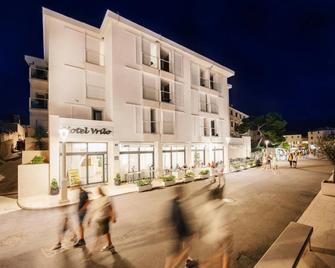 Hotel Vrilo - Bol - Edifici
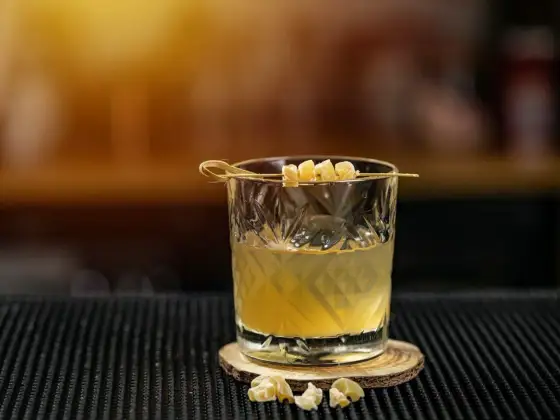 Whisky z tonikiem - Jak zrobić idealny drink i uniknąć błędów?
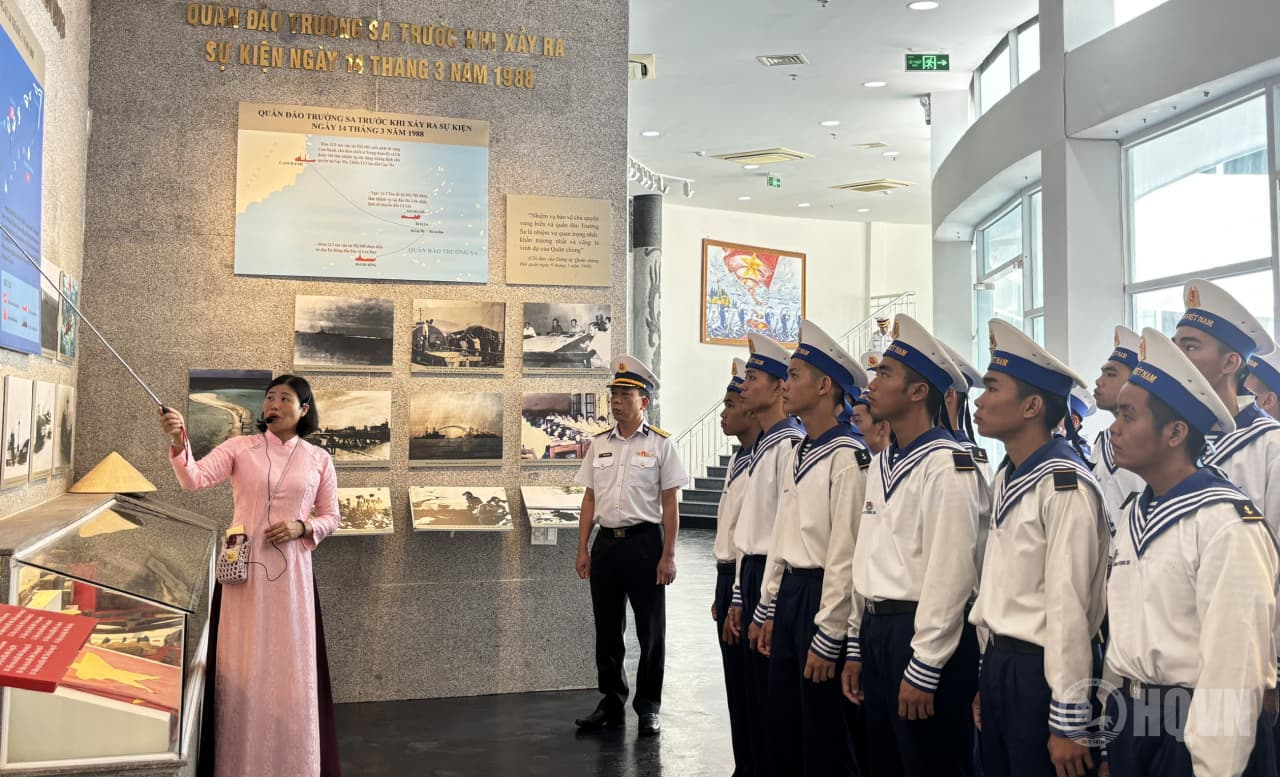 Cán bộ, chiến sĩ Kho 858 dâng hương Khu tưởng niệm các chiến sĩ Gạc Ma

==

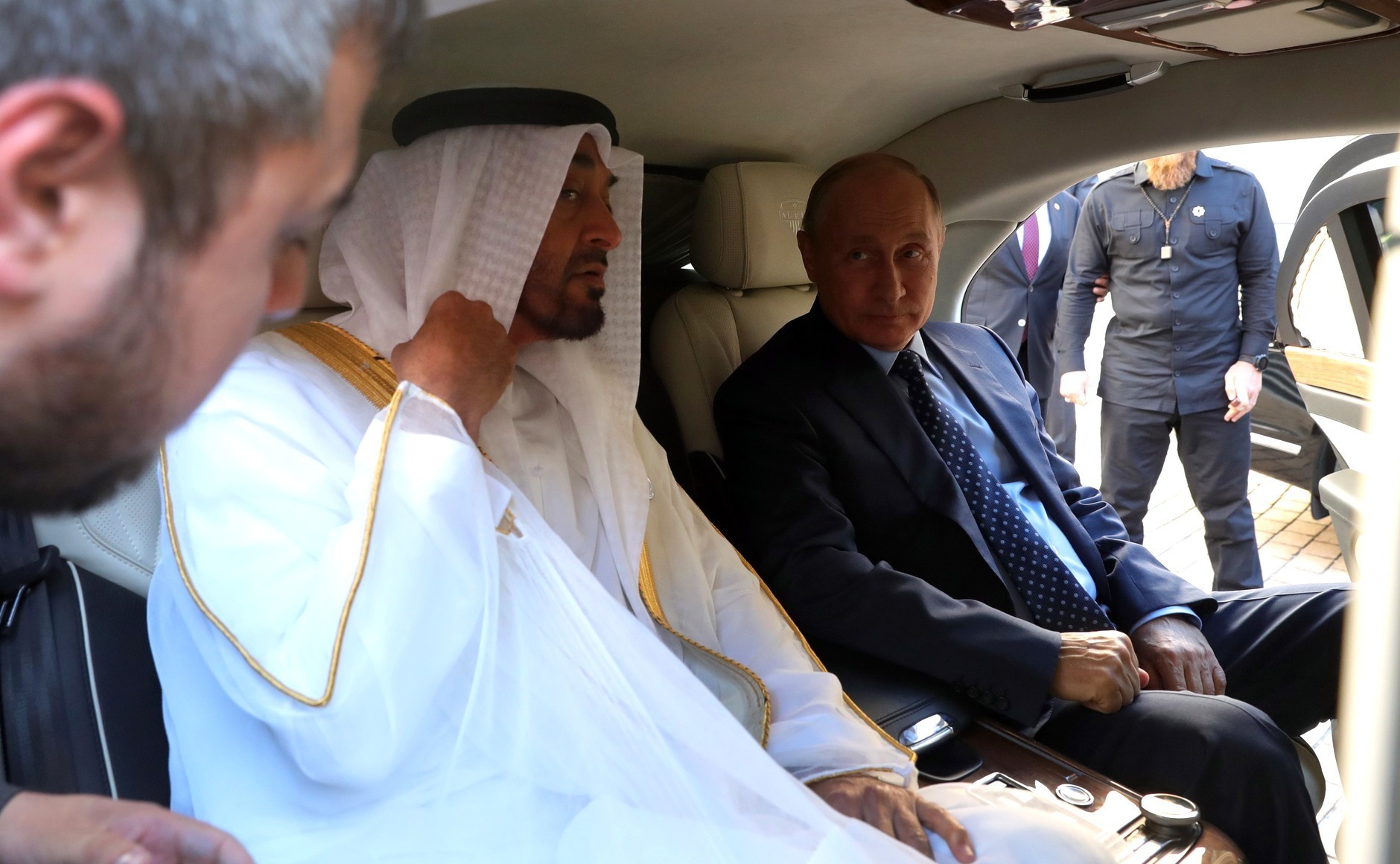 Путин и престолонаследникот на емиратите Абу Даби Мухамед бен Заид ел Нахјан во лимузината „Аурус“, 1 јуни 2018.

■ **PROBLEM STATEMENT**:
The material above holds pictures; leave them out. Repeat exactly the lines from the one containing "Hotel Vrilo - Bol - Edifici" through the one containing "Cán bộ, chiến", and nothing else.

■ **SOLUTION TO THIS TASK**:
 Hotel Vrilo - Bol - Edifici
 Whisky z tonikiem - Jak zrobić idealny drink i uniknąć błędów?
 Cán bộ, chiến sĩ Kho 858 dâng hương Khu tưởng niệm các chiến sĩ Gạc Ma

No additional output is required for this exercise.